An election-focused White House on Monday argued its proposed “Buffett Rule” makes good economic sense, setting the stage for a weeklong attack on Republican front-runner Mitt Romney’s tax plan that the president says benefits the rich at the expense of the middle class.
Democrats intend to use next week’s expected Senate vote on the Buffett Rule to strike familiar partisan themes, painting Republicans as supporters of tax loopholes and low rates for the wealthy. And as part of that strategy, President Obama’s reelection team will use that debate and vote as a reference point for criticizing Romney and his economic plan.
“In part, this campaign will be a debate on this tax fairness issue, and we’re willing to have that debate,” Obama campaign manager Jim Messina told reporters on Monday.
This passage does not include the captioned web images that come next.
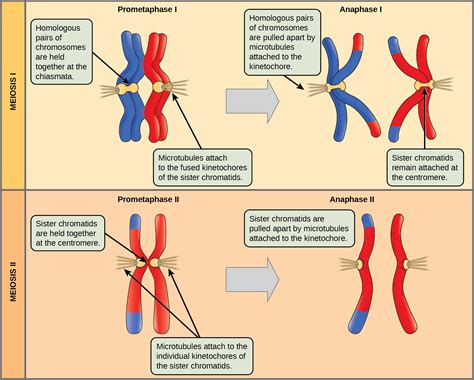 Biology 2e, Genetics, Meiosis and Sexual Reproduction, The Process of ...
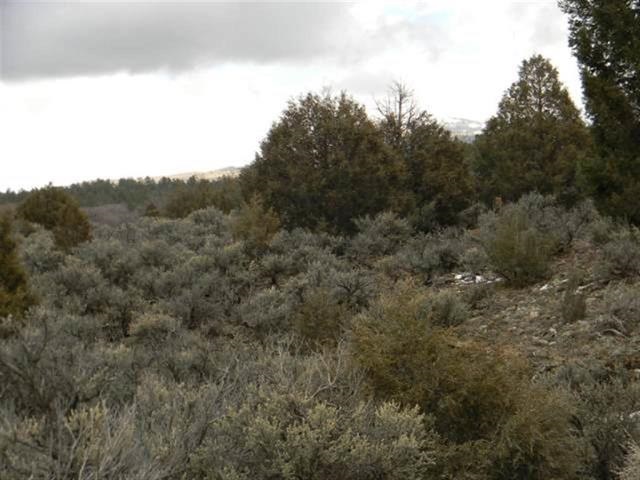 Lot 10, Tract 1, Ensenada, NM 87575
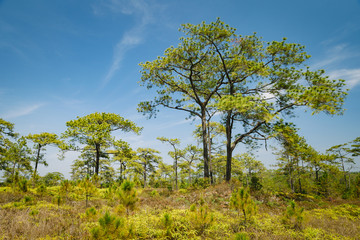 Obraz premium Beautiful pine forest and meadow in Phu Kradung, Thailand.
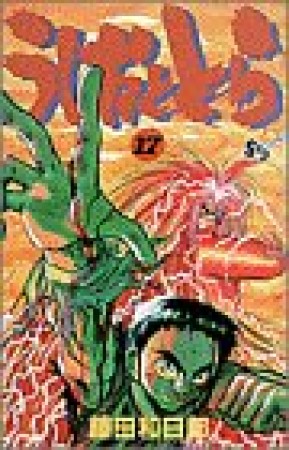 うしおととら17巻の表紙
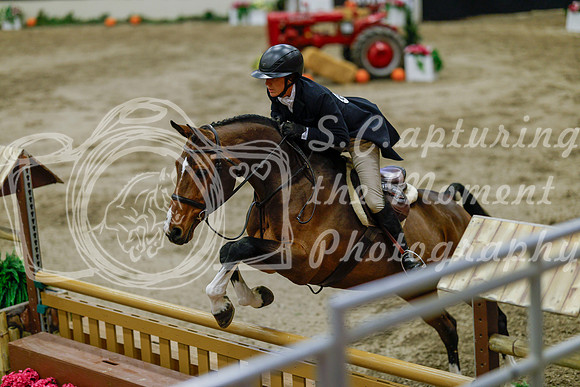 2025 - Haylee - Royal West - Monday October 20th - 06521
The Buffett Rule, floated by Obama last year, is embedded in a bill from Sen. Sheldon Whitehouse, D-R.I., that would establish a minimum effective tax rate of 30 percent for taxpayers who earn more than $1 million a year, including income from capital gains and dividends.
Wealthy Americans, who derive most of their income from investments rather than a regular paycheck, disproportionately benefit from the lower tax rate on investment income. Romney in January said he pays an effective tax rate of about 15 percent because his income is primarily derived from investments.
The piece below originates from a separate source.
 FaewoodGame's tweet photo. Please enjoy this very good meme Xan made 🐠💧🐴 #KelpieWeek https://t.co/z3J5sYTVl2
The White House and Obama’s campaign team are using that to argue that the tax code, and Romney’s tax proposals, are inherently unfair.
In a National Economic Council report released early on Tuesday, the administration says the average tax rate for the top 0.1 percent of households stands at nearly the lowest in more than 50 years. According to Alan Krueger, chairman of the White House Council of Economic Advisers, the highest-income households paid 29.9 percent of their income in taxes in 1995. That’s just shy of the 30 percent minimum dictated by the Buffett Rule.
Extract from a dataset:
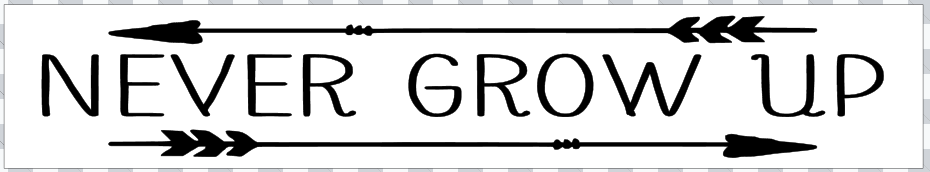 Single Plank Workshop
“Romney is the beneficiary of a broken tax system and he wants to keep it that way,” Messina said.
But proponents of a lower tax rate on dividends and capital gains, including Romney, say it is necessary to encourage investments that both keep credit flowing and create jobs for the economy.
What's more, Republicans criticize Whitehouse’s bill as a purely political maneuver that would do little to balance the federal budget.
“It was designed for no other reason than politics—there is no economic rationale for it,” Senate Finance Committee ranking member Orrin Hatch, R-Utah, said in a memo last month.
Whitehouse’s bill would bring in $47 billion in revenue over 10 years, according to a report from the Joint Committee on Taxation. That is less than 0.3 percent of the country’s $15.6 trillion debt, Hatch’s memo said.